- TASK OBJECTIVE -
Return exactly the lines of the entries that start at the line containing "Delia Cosmetics Cremă" and continue to the last line. Omit the pictures.

--- DATA TO USE Enclosed Below ---

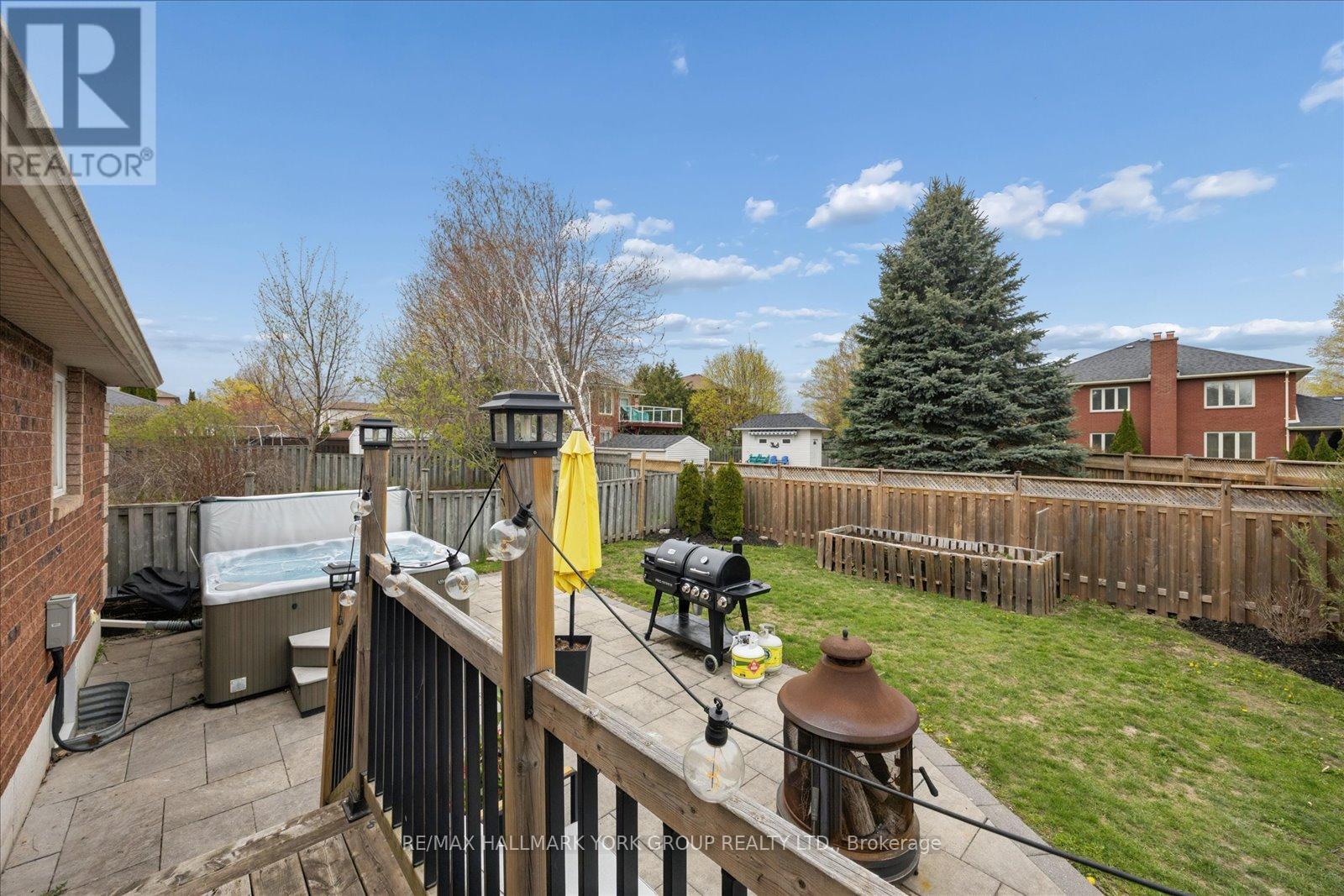 132 Athabaska Road, Barrie (Holly), Ontario  L4N 8E5 - Photo 44 - S13122528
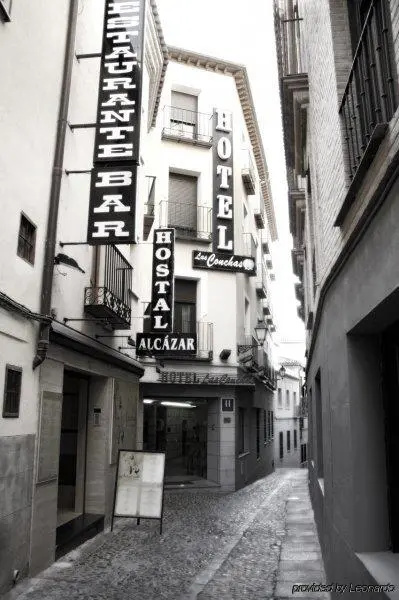 Imagen de Hotel YIT Conquista de Toledo (25 de 33)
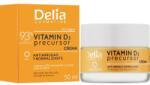 Delia Cosmetics Cremă de zi antirid cu vitamina D3 - Delia Vitamin D3 Precursor Day Cream 50 ml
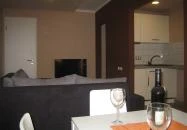Egri Csillag Apartman Eger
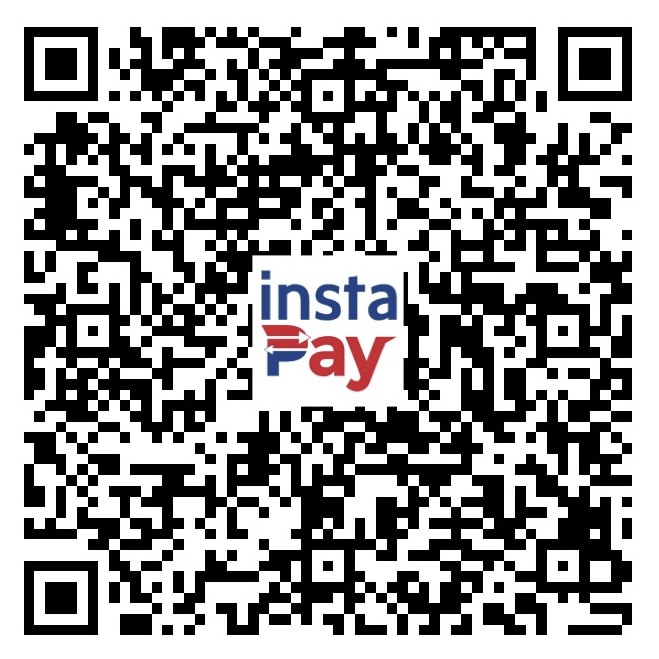 GCash QR Code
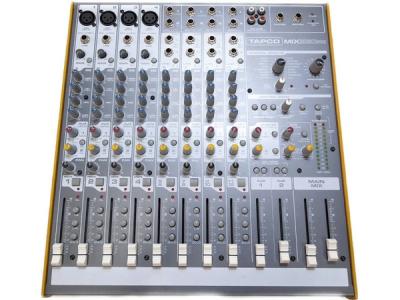 TAPCO MIX260FX(ミキサー)の新品/中古販売 | 1263728 | ReRe[リリ]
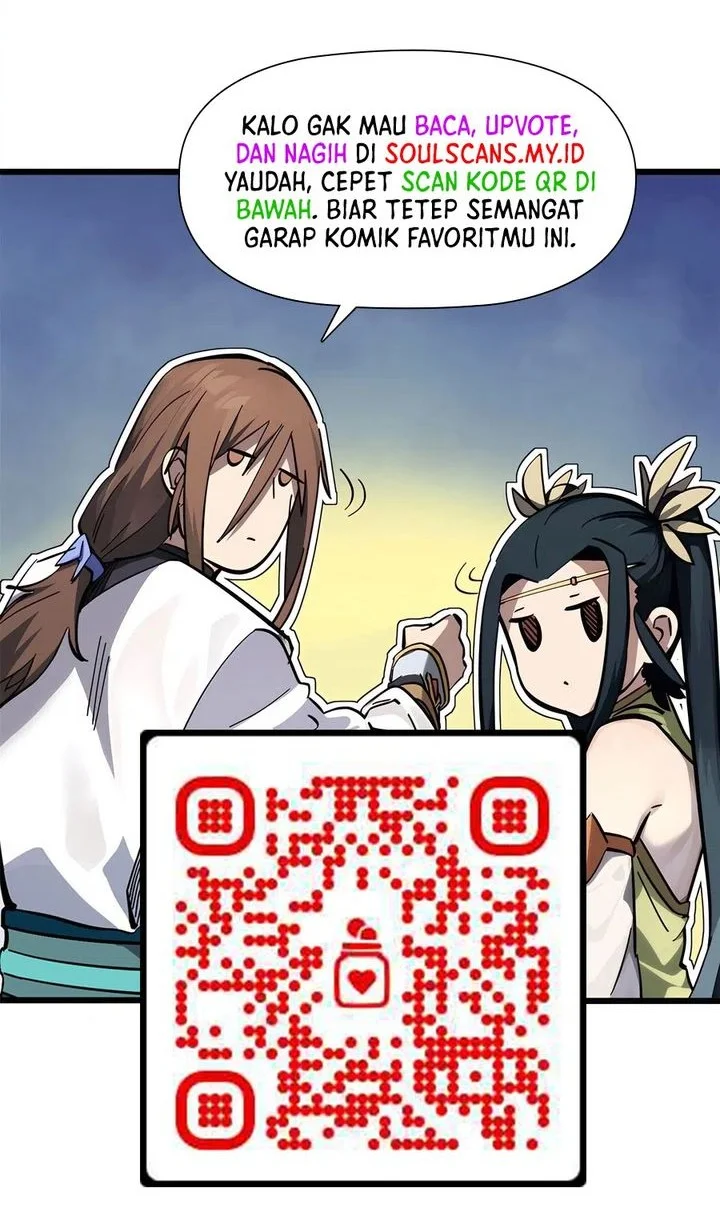 The Invincible Man Chapter 99 Gambar 56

--- End of Enclosed DATA TO USE ---

- EXPECTED ANSWER -
 Delia Cosmetics Cremă de zi antirid cu vitamina D3 - Delia Vitamin D3 Precursor Day Cream 50 ml
Egri Csillag Apartman Eger
 GCash QR Code
 TAPCO MIX260FX(ミキサー)の新品/中古販売 | 1263728 | ReRe[リリ]
 The Invincible Man Chapter 99 Gambar 56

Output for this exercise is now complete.